* [Task statement]:
In the listing that follows, the lines starting at the one containing "Magic: The Gathering" and ending at the one containing "#031 Nidoqueen sprite Rubí / Zafiro" are to be returned exactly, both boundary lines included, and no others.

* [Data for analysis]:

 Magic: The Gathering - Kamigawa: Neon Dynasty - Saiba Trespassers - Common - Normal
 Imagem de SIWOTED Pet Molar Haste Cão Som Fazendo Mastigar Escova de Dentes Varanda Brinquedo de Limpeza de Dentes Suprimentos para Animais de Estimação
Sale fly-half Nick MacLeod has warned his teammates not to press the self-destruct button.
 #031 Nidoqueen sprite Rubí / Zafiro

--

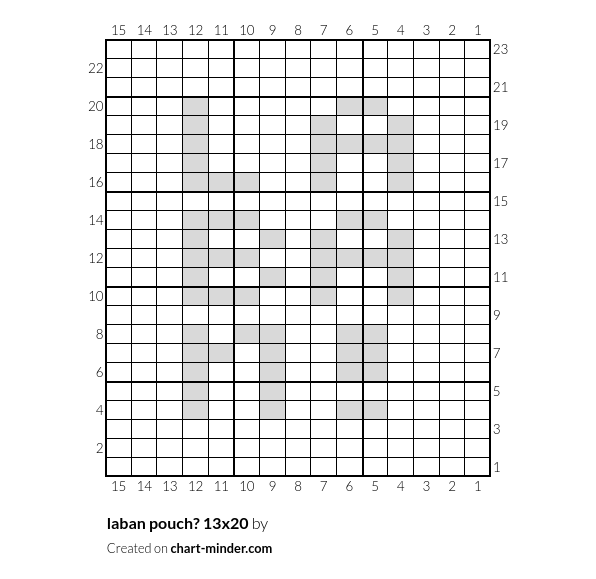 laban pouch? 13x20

...

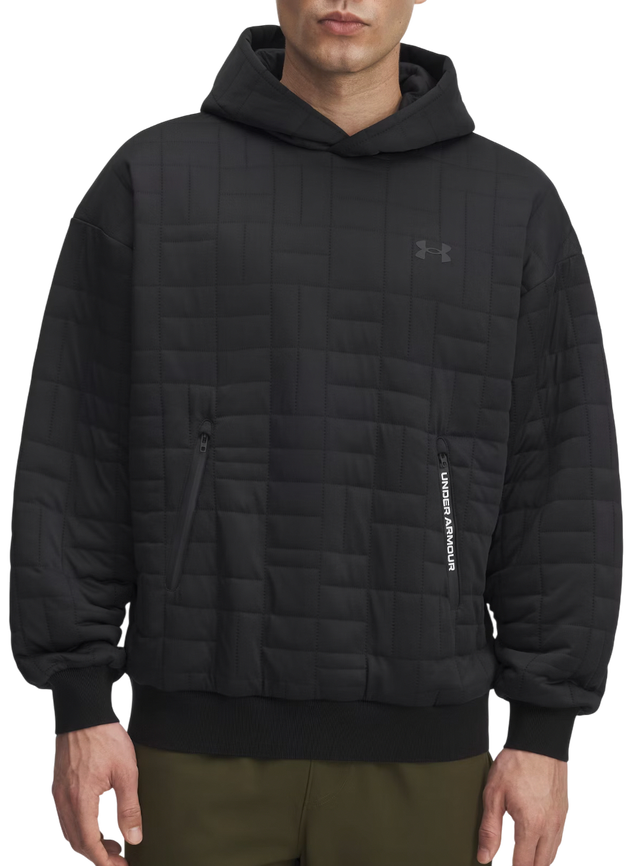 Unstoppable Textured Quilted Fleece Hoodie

* [Result of the task]:
 Magic: The Gathering - Kamigawa: Neon Dynasty - Saiba Trespassers - Common - Normal
 Imagem de SIWOTED Pet Molar Haste Cão Som Fazendo Mastigar Escova de Dentes Varanda Brinquedo de Limpeza de Dentes Suprimentos para Animais de Estimação
Sale fly-half Nick MacLeod has warned his teammates not to press the self-destruct button.
 #031 Nidoqueen sprite Rubí / Zafiro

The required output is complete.